Struggling to keep your head above water, debt is starting to feel like it’s a weight, holding you down. Sometimes, the best option is bankruptcy. After finalizing one, your credit slate has a brand-new beginning. However, there are a few things you should know before making a decision.
1. Bankruptcy Stays on Your Credit Report for 7 Years
More than anything, you have to consider the time involved in bankruptcy proceedings. Not only does filing one of them take a while, but it stays around even longer. Once you’ve declared bankruptcy, it stays there for 7 years after the filing date.
For many, that’s less time than it would take to repay their debts. So, it’s still a no-brainer, despite the lengthy consequences.
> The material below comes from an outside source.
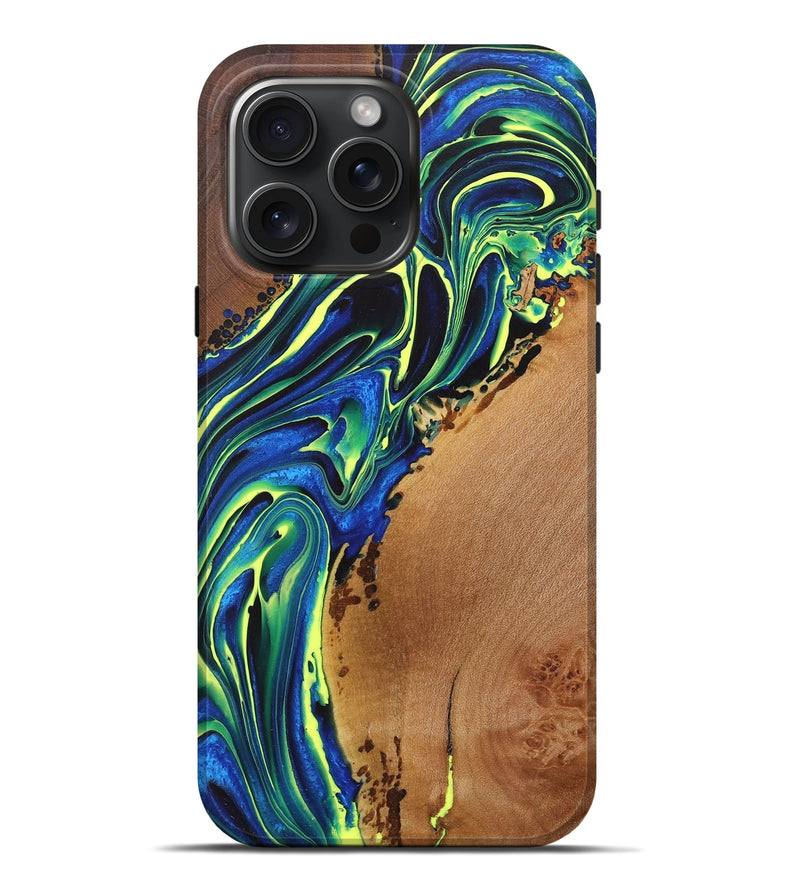 iPhone 16 Pro Max Wood+Resin Live Edge Phone Case - Edmund (Blue, 717034)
But, not everyone has such a clear-cut situation when going into bankruptcy procedures.
Consider what you’d like to do over the next few years, and think about the potential impacts. They’re not always limiting. For example, the FHA allows mortgages to be given to people 2 years after filing. But, it will make getting more credit difficult in many situations.
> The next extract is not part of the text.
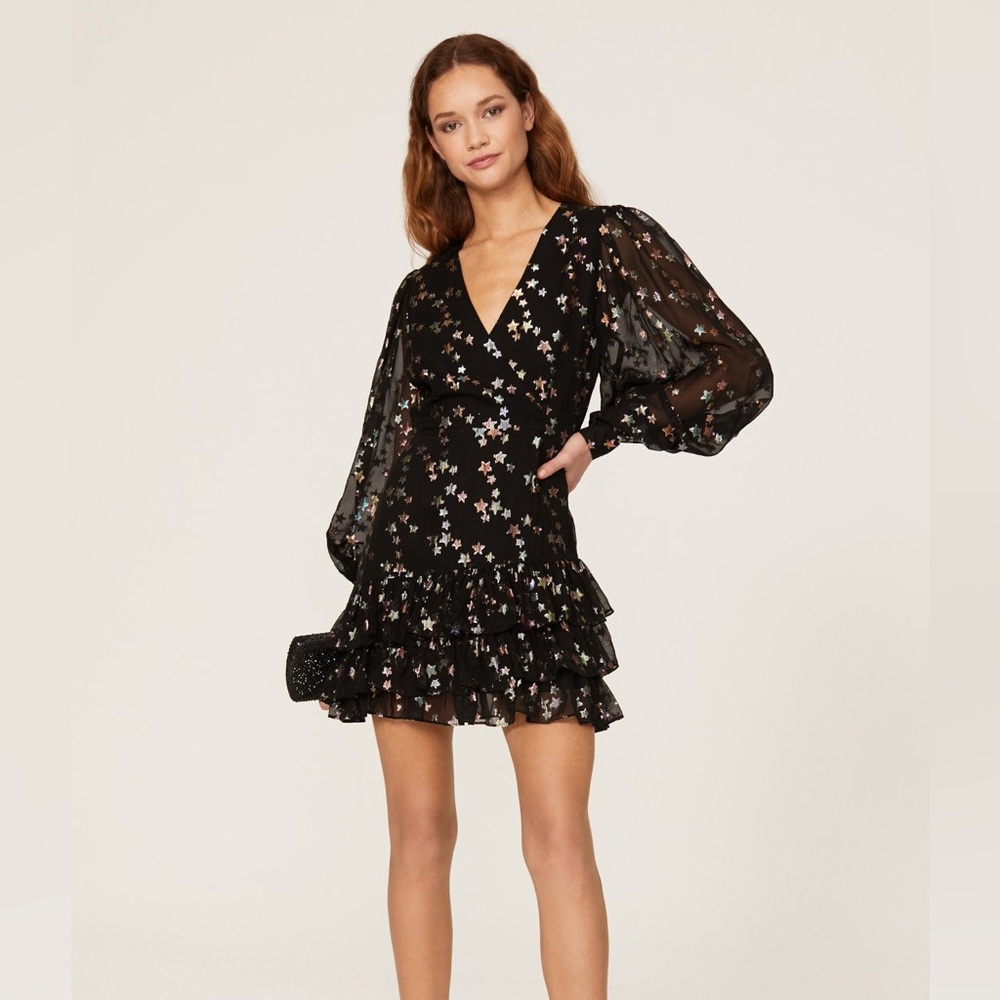 Yumi Kim Black Floral Long Sleeve Dress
2. What’s the Difference Between Chapter 7 and 13 Bankruptcies?
Assuming there’s nothing else to do, bankruptcy might be the best choice. There are two types of bankruptcy procedures generally used in the United States. If you’re filing as an individual, they would be chapter 7 and 13 bankruptcies.
The biggest difference is what happens to debt once proceedings are finalized. In a chapter 7 filing, the debt disappears, never to be seen again. Chapter 13 doesn’t completely eliminate debt, even though it lessens the burden. You still have to make regular payments until repaying a pre-agreed upon sum.
Most of the time, chapter 13 still reduces how much has to be repaid overall. So, it’s worth considering if you’ve felt overwhelmed by monthly payments.
3. Consider Potential Bankruptcy Alternatives
Declaring bankruptcy isn’t something you should do without considering all the available options. So, spend a little time speaking to someone experienced in debt consultations. They’ll develop strategies to see how feasible doing it yourself would be.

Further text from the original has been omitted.